Task description
Pictures aside, write every record out again word for word.

Supplied information

# # # # # # #

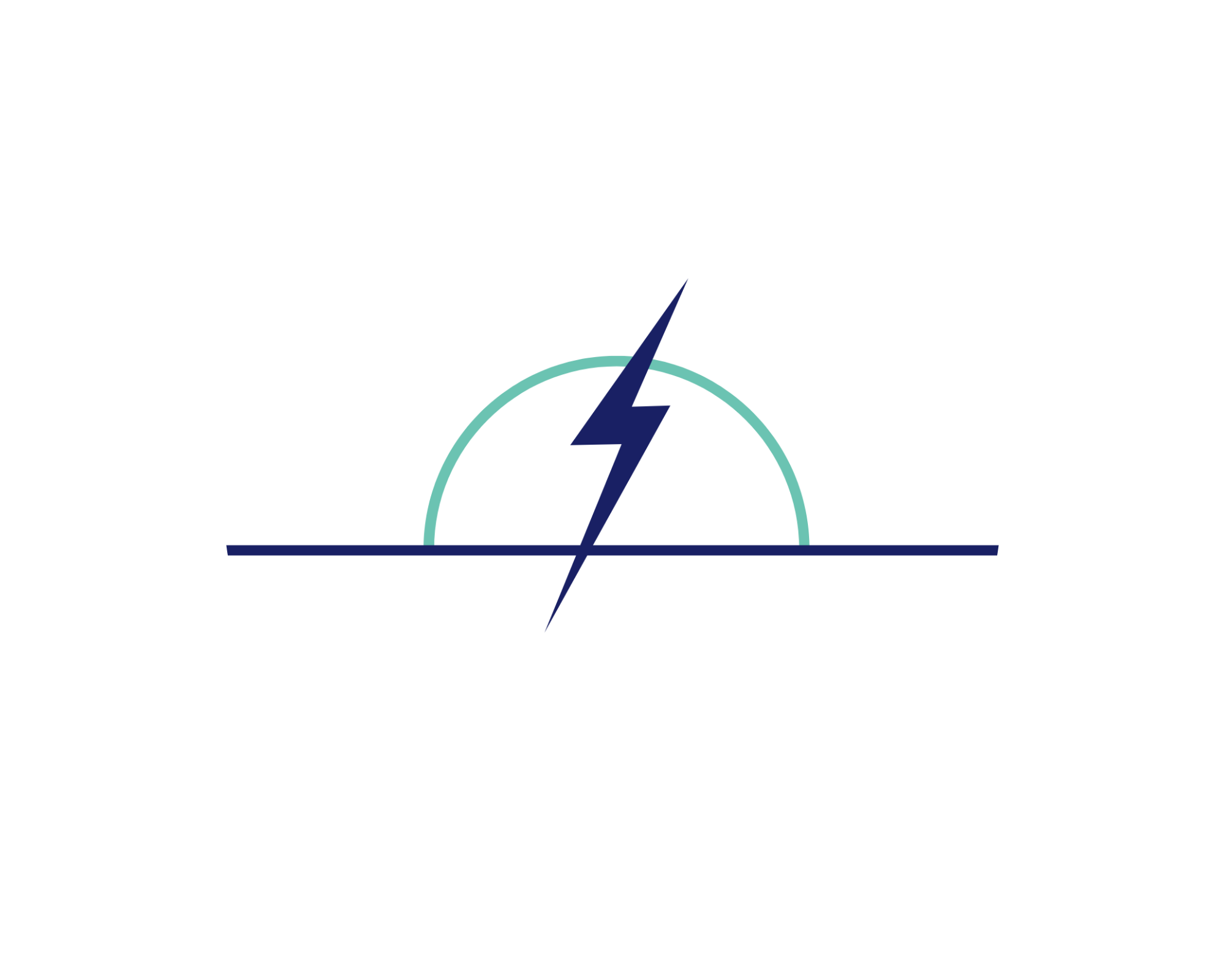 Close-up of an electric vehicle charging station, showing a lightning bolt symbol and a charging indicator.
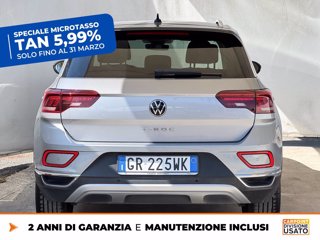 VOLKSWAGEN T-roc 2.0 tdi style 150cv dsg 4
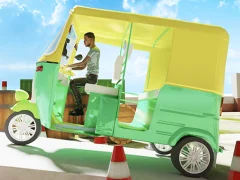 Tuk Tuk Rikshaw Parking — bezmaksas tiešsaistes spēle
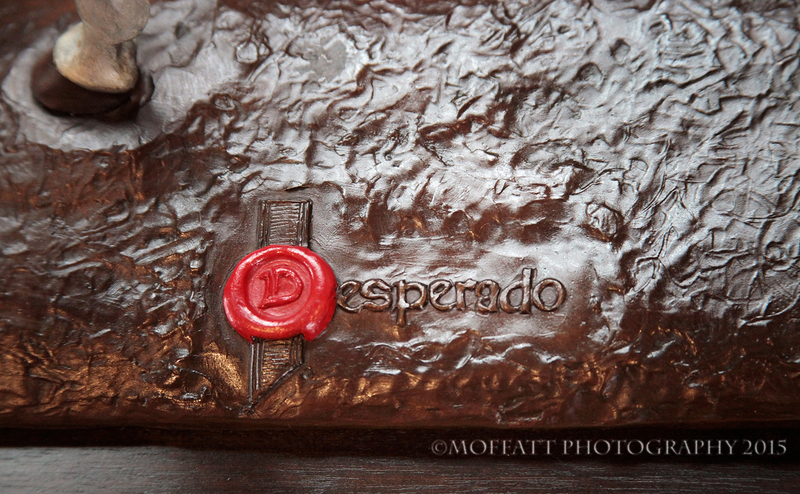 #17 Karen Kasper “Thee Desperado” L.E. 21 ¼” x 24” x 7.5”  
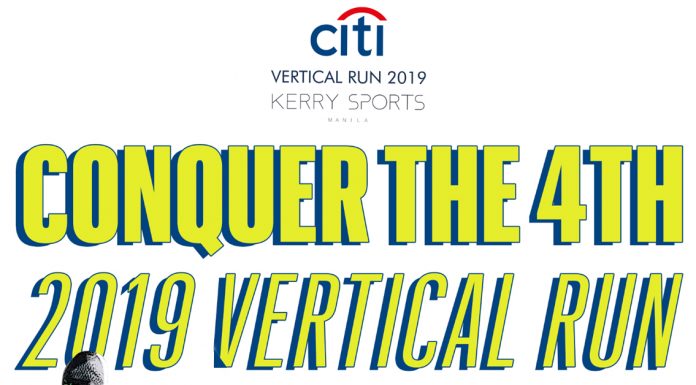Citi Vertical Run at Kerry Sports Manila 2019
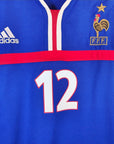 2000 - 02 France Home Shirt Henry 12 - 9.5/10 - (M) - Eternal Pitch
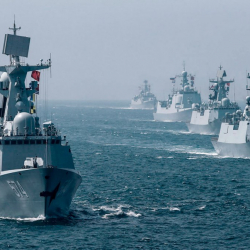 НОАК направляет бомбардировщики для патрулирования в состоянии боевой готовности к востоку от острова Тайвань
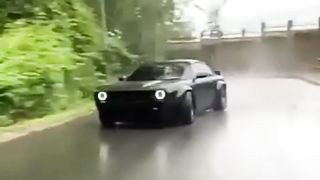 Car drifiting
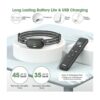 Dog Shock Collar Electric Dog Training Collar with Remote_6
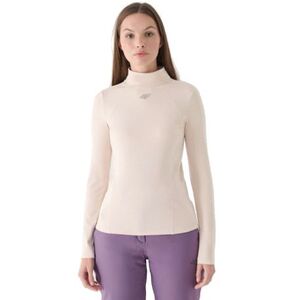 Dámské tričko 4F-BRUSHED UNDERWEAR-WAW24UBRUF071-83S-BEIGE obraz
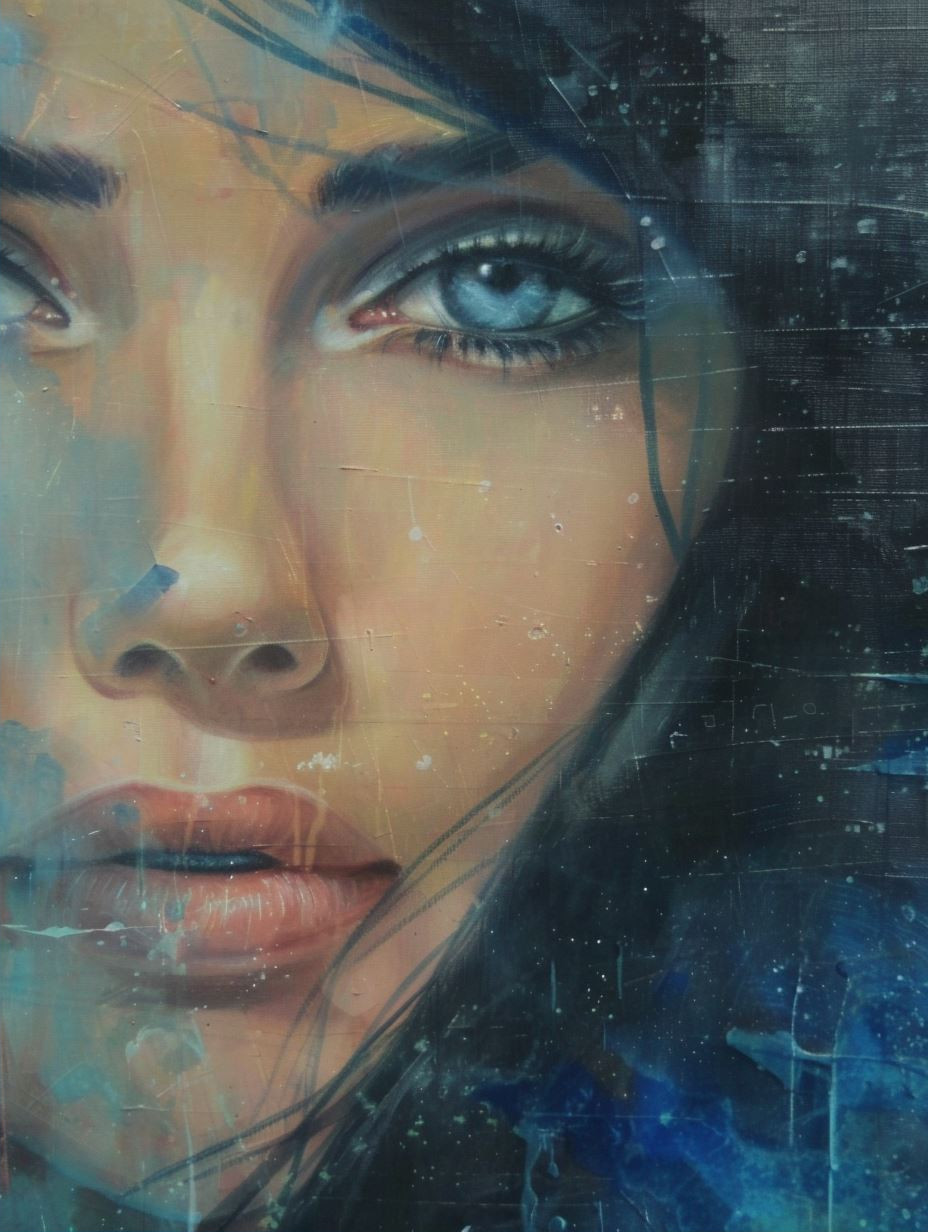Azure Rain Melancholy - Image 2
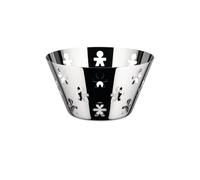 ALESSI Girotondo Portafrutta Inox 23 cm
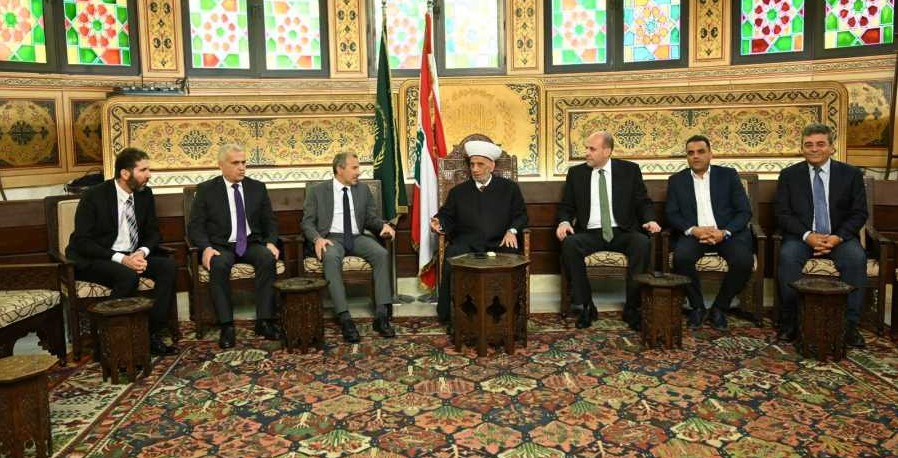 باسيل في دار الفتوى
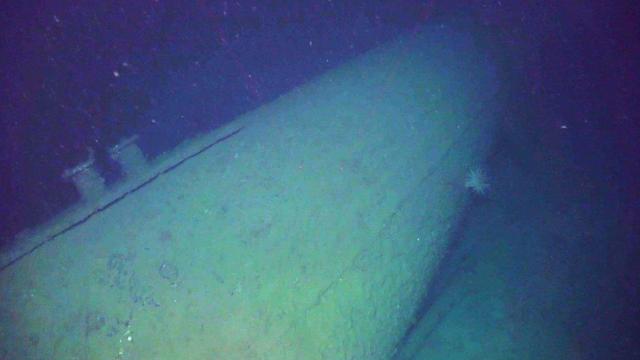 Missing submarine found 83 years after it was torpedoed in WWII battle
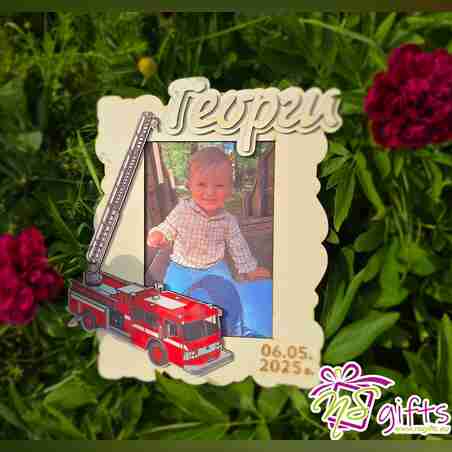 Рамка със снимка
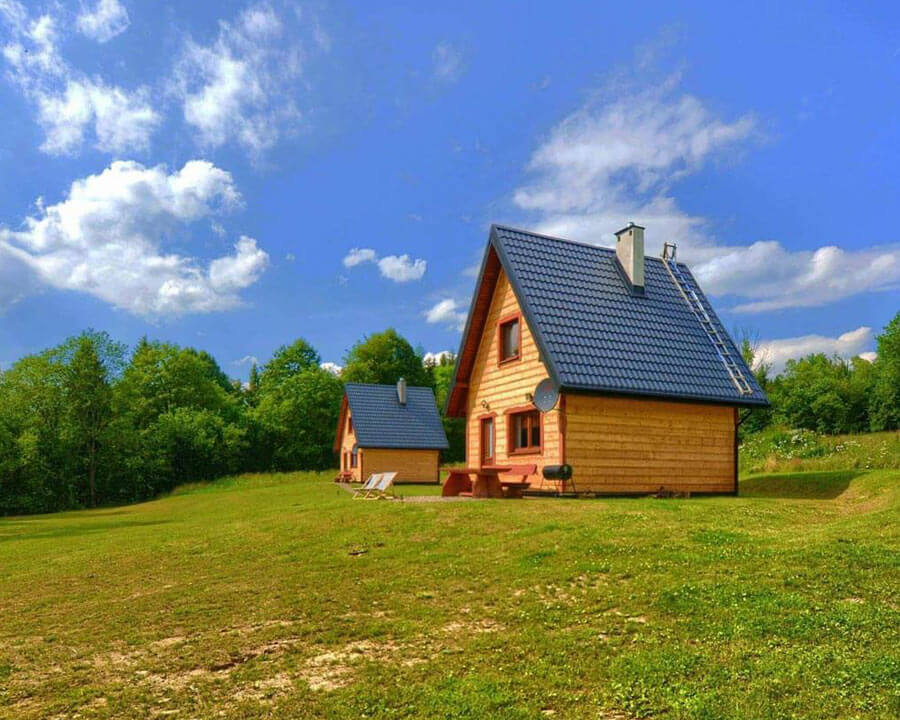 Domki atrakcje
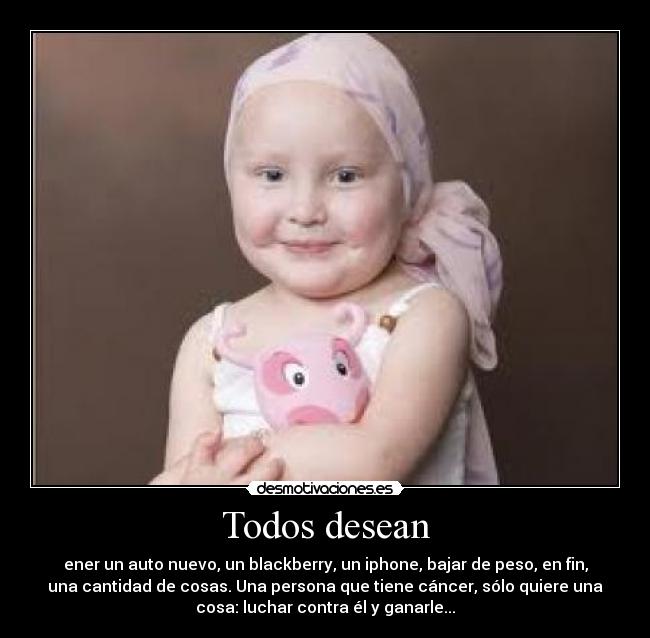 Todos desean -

# # # # # # #

Answer to this problem
 Close-up of an electric vehicle charging station, showing a lightning bolt symbol and a charging indicator.
 VOLKSWAGEN T-roc 2.0 tdi style 150cv dsg 4
 Tuk Tuk Rikshaw Parking — bezmaksas tiešsaistes spēle
 #17 Karen Kasper “Thee Desperado” L.E. 21 ¼” x 24” x 7.5”  
Citi Vertical Run at Kerry Sports Manila 2019
 2000 - 02 France Home Shirt Henry 12 - 9.5/10 - (M) - Eternal Pitch
 НОАК направляет бомбардировщики для патрулирования в состоянии боевой готовности к востоку от острова Тайвань
 Car drifiting
 Dog Shock Collar Electric Dog Training Collar with Remote_6
 Dámské tričko 4F-BRUSHED UNDERWEAR-WAW24UBRUF071-83S-BEIGE obraz
Azure Rain Melancholy - Image 2
 ALESSI Girotondo Portafrutta Inox 23 cm
 باسيل في دار الفتوى
 Missing submarine found 83 years after it was torpedoed in WWII battle
 Рамка със снимка
 Domki atrakcje
 Todos desean -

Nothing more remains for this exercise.